Work required
Every line below from the one containing "Filtrai -> Oro filtras" through the one containing "71736145, 71754227, 7688498" must be transcribed exactly. Omit all lines outside that stretch.

Data for the task
+--
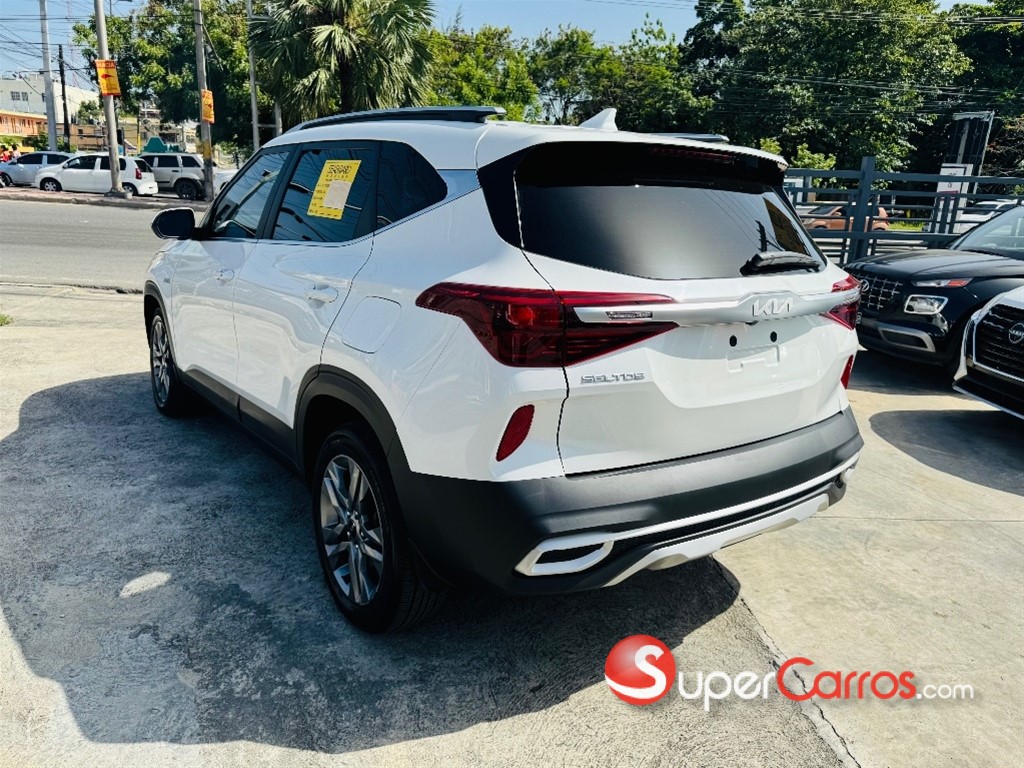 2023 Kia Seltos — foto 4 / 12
+--
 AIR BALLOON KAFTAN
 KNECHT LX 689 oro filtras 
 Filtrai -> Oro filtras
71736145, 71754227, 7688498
+--
Result of this task
 Filtrai -> Oro filtras
71736145, 71754227, 7688498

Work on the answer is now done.